Shapoorji Pallonji Group's solar engineering, procurement and construction business, Sterling and Wilson Solar on Tuesday launched its three-day initial public offering (IPO) with the objective to raise Rs 3,125 crore from capital market.
The solar engineering, procurement and construction (EPC) solutions provider, Sterling and Wilson Solar (SWSL) commenced operations in 2011 as the Solar EPC Division of SWPL and later demerged from SWPL in 2017. Sterling & Wilson offers customised solutions to its customers for solar power projects and is engaged in providing solar engineering, procurement and construction (EPC) solutions to the end-users.
About the offer
The SWSL IPO plans to raise around Rs 3,125 crore by selling 4 crore equity shares at a price band of Rs 775 to Rs 780 per equity share of Re 1 face value.

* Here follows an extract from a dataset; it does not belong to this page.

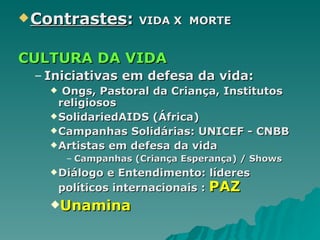 Contrastes :  VIDA X  MORTE CULTURA DA VIDA Iniciativas em defesa da vida: Ongs, Pastoral da Criança, Institutos religiosos SolidariedAIDS (África) Campanhas Solidárias: UNICEF - CNBB Artistas em defesa da vida Campanhas (Criança Esperança) / Shows Diálogo e Entendimento: líderes políticos internacionais :  PAZ Unamina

The IPO with a lot size of 19 shares ,comprises of a 100% offer for sale by the promoters Shapoorji Pallonji and Company Private aggregating up to Rs 2,083.33 crore and Khurshed Yazdi Daruvala amounting to Rs 1,041.67 crore.
From the total shares on offer, 50% are reserved for qualified institutional buyers, 15% for high net worth individuals or non-institutional bidder and 35% for retail individual investors. Post-IPO, the equity shares of the company are proposed to be listed on BSE and NSE.
After the issue, the shareholding of promoters Shapoorji Pallonji and Company Pvt Ltd and Khurshed Yazdi Daruvala will be reduced to 49.11% and 25.01% from 65.77% and 33.33%, respectively.
Proceeds from offer
SWSL intends to use fund proceeds towards full repayment of the loans due to SWSL and Sterling and Wilson International Solar FZCO (SW FZCO) from SWPL and Sterling and Wilson International FZE (a subsidiary of SWPL), respectively within 90 days from the date of listing of the equity shares. Post-IPO, the management plans to make the business debt-free.
SWSL offers a complete range of customised solutions for solar power projects. Its customers include leading independent power producers (IPPs), developers and equity funds.
The company enjoys an asset-light business model which requires low Capex (lease equipment and customers look at the real estate) and working capital requirement (short duration EPC contracts and advance payment from customers).
The renewable energy EPC firm generated 69.8% of FY19 revenue from its presence in 26 countries, where it has commissioned and contracted 205 solar projects with a total capacity of 6,870.12 megawatts as of March 2019, according to its red herring prospectus. Growth in revenue was primarily led by a significant increase in EPC revenue from South East Asia, Africa, the US and Latin America.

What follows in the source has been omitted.